Prompt injection risk:
- Open-ended prompts can unintentionally reveal internal configurations or data sources; guardrails are needed to prevent disclosure of sensitive or proprietary information.
Real-world relevance:
- The described pipeline enables building question-answering assistants over large document collections, enabling fast retrieval and evidence-based responses, which is valuable in research, HR (resumes/candidates), and enterprise knowledge management.
Practical trade-offs:
- Accuracy vs. latency: larger chunks provide more context but slower indexing; smaller chunks improve granularity but may require more sophisticated aggregation to produce coherent answers.
- Determinism vs creativity: zero-temperature prompts yield stable results, which is important for reliability in production.

Mathematical and Technical Summary (with LaTeX)

Chunking parameters and relations:
- Let N be the total number of tokens/words in a document, c be the chunk size, o be the overlap between consecutive chunks (on a per-side basis, often described as total overlap across the chunk boundary).
- The step between chunk starts is s = c − o.
- The approximate number of chunks is:
- $K = \left\lceil\dfrac{N - c}{s}\right\rceil + 1.$
- If the chunk size is increased, with all else equal, the number of chunks decreases roughly in proportion to 1/(c) for large N, i.e., doubling c roughly halves K when N >> c.
Embedding dimensionality (example):
- MPNet base (Hugging Face) yields embeddings in a 768-dimensional space:
- $\text{dim}({\bf e}) = 768.$
Similarity search (cosine similarity):
- Given a query embedding q and a stored embedding e_i, the cosine similarity is:
- $\text{cos ext{-}sim}(q, e<em>i) = \dfrac{q \cdot e</em>i}{|q| |e_i|}.$
- The vector store returns the top-k embeddings with highest cosine similarity (or inner product, depending on configuration).
Vector store concept: there is a mapping from a document to a set of chunks, each chunk mapped to a vector embedding; the index stores these vectors for fast retrieval. The output of a similarity search is a set of chunks (with associated metadata) ordered by relevance.
Agent four-stage loop (conceptual):
- Action/Decide → Perform → Observe → (Thought) Repeat until a satisfactory result is obtained.
- Tools may include: LLM, Wikipedia access, SERP API for web search, and a calculator tool (LLM Math).
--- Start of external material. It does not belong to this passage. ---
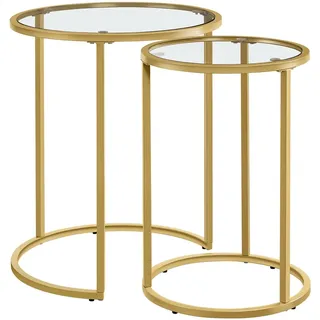 Satztisch 2-er Glastisch-Set Runder Couchtisch Beistelltisch für Zuhause/Empfang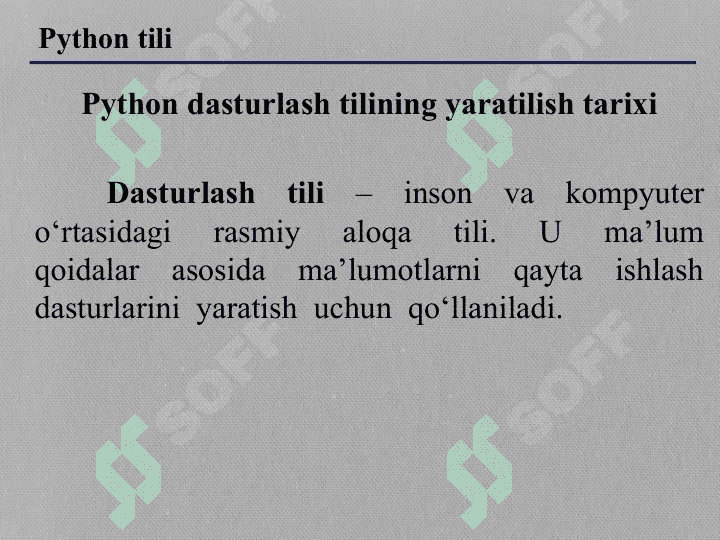 Python dasturlash tili va uning imkoniyatlari 2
Quick Practical Checklist for Students

Understand the end-to-end pipeline: load data → split into chunks → embed chunks → index in vector store → query with embeddings → retrieve top chunks → synthesize answer with an LLM.
Be able to explain chunking trade-offs: chunk size, overlap, and their effect on the number of chunks and context preservation.
Distinguish embedding sources (Hugging Face vs OpenAI) and their implications for cost, latency, and access requirements.
Explain what a vector store does and why it’s essential for semantic search.
Describe the agent architecture and its four-stage loop; understand how tools are used in practice to answer questions.
Recognize common pitfalls (path issues, dependency mismatches) and basic debugging steps.
Articulate the ethical considerations around transparency and prompt injection when using external tools and LLMs.
Be able to compute basic formulas related to chunking and vector similarity, and explain how these influence system design.

Summary Takeaways

The session demonstrated building a retrieval-augmented system that converts raw documents into embeddings, stores them in a vector store, and retrieves context for answering questions, with practical hands-on considerations like chunking, model choices, and tool integration.
It highlighted the modular nature of such systems: data loaders, chunkers, embedders, vector stores, and LLMs, all working together with a focus on modular, pluggable components.
It also emphasized the realities of production work: version issues, dependency management, and the need for guardrails around prompt injections and data privacy.